Consultez le profil complet de la professeure Grignon.
Jérôme Massé
Jérôme Massé est avocat et candidat à la maîtrise en droit international. Il est diplômé de l’Université Laval (LL.B., 2010) et de l’Université d’Ottawa (J.D., 2012).
Au cours des sessions d’hiver et d’été 2013, il a participé aux activités de la Clinique de droit international pénal et humanitaire en soutenant les travaux du Bureau du Président du Tribunal Spécial pour le Liban. Il continue son implication cette année en collaborant au Projet « Outils Juridiques » de la Cour pénale internationale.
Il a par ailleurs été sélectionné pour représenter la faculté de droit de l’Université Laval à l’édition 2014 du concours de droit international humanitaire Jean-Pictet.
En cette période où, dans la petite sphère humanitaire, les anniversaires et les célébrations se succèdent (12 août : 65 ans des Conventions de Genève, 22 août : 150 ans de la première Convention de Genève et de l’action humanitaire), aujourd’hui, 2 septembre 2014, Jean Pictet aurait eu cent ans.

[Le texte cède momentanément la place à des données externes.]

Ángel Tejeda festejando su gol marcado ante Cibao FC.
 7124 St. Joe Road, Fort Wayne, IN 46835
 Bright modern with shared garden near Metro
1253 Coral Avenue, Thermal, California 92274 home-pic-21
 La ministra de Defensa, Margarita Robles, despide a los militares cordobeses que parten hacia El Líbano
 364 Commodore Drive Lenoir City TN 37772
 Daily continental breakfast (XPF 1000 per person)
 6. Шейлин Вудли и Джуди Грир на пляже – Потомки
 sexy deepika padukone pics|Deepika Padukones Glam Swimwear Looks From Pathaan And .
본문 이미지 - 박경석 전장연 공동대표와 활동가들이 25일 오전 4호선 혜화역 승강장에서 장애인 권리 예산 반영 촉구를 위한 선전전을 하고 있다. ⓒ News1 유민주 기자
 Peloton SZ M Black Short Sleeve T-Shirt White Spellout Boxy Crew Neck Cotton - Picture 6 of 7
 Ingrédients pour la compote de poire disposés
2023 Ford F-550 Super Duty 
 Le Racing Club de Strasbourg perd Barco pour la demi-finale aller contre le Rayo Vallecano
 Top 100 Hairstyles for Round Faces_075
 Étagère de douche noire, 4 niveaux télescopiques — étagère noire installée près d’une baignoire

C’est l’occasion de commémorer un homme illustre, qui, comme aucun autre sans doute depuis Henry Dunant, a joué un rôle essentiel dans l’élaboration et le développement du droit international humanitaire contemporain.
L’homme
Comme un présage d’une vie qui sera consacrée au droit international humanitaire, Jean Pictet voit le jour à Genève, en Suisse, quelques semaines seulement après le début de la Première Guerre mondiale.
22 ans plus tard, formation juridique en poche (Université de Genève, promotion de 1935), il intègre le Comité International de la Croix-Rouge (CICR), en tant que secrétaire-juridique. Au sein de cette institution, il exercera par la suite les fonctions de Directeur (nommé en 1946), Directeur général (nommé en 1966), Président de la commission juridique (nommé en 1967) puis Vice-président (1971-1979), poste qu’il occupera d’ailleurs jusqu’à sa retraite.
Parallèlement à cet engagement de tous les jours au sein du CICR, Jean Pictet mène une activité académique importante, d’abord comme chargé de cours, puis comme professeur associé à la Faculté de droit de l'Université de Genève (1965-1979). À l’occasion, il enseigne également à l'Académie de droit international de La Haye et sous les auspices du Conseil de l'Europe à Strasbourg en plus de diriger l’Institut Henry-Dunant et de publier de nombreux ouvrages et articles.
Jean Pictet est décédé en 2002. Il avait 88 ans. Mais son œuvre est encore bien vivante aujourd’hui.
L’œuvre
Au cours des 42 ans qu’il passe au service du CICR, Jean Pictet met son expertise ainsi que ses qualités de juriste et de rédacteur à la disposition de cette institution pour laquelle il sera l’un des plus fidèle ambassadeur, participant activement à des conférences diplomatiques, à des groupes d'experts, à des réunions d'études, etc.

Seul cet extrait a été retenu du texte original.